- [Instructions to follow]: Restate all the lines below word for word, but omit the pictures.

- [Data segment]:
▶

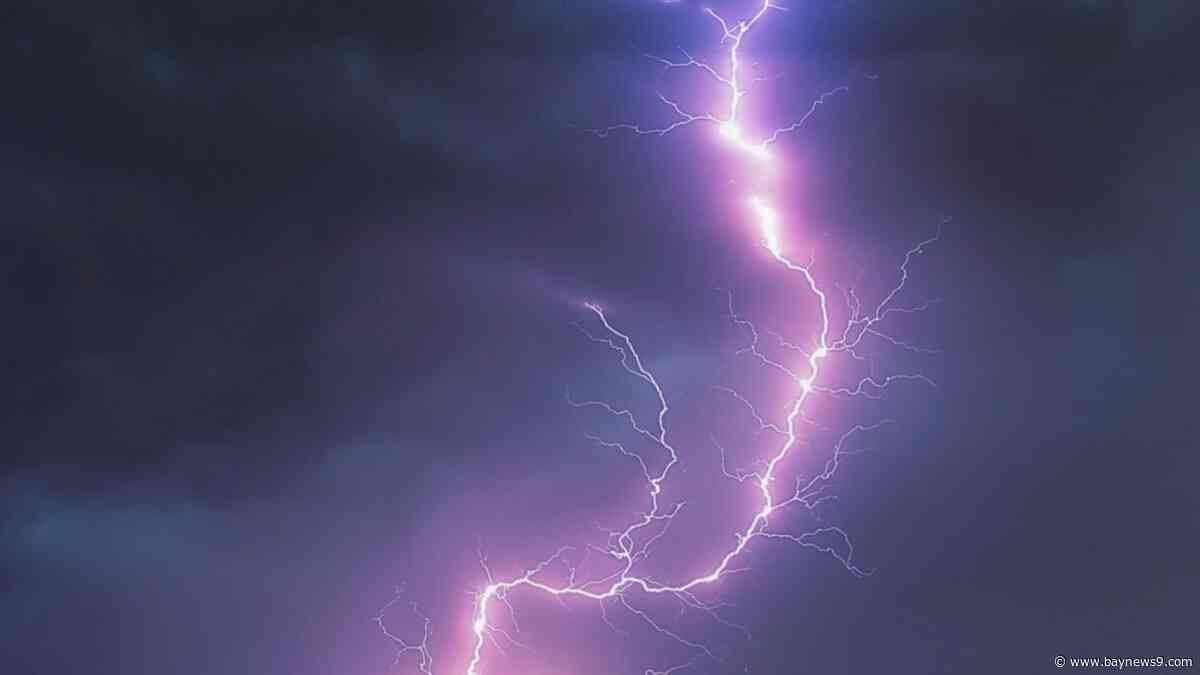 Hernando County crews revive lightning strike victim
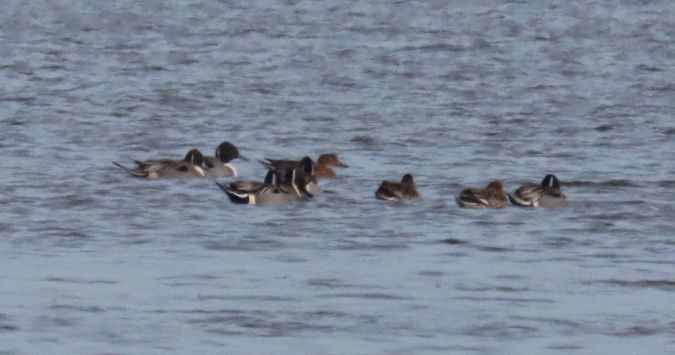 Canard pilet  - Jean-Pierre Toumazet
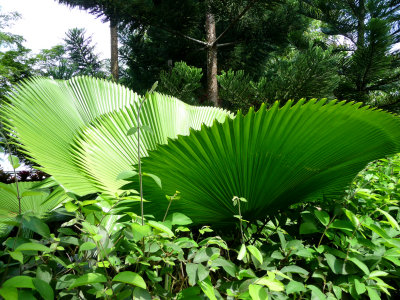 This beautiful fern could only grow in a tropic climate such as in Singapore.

◀

- [Solved problem]:
 Hernando County crews revive lightning strike victim
 Canard pilet  - Jean-Pierre Toumazet
 This beautiful fern could only grow in a tropic climate such as in Singapore.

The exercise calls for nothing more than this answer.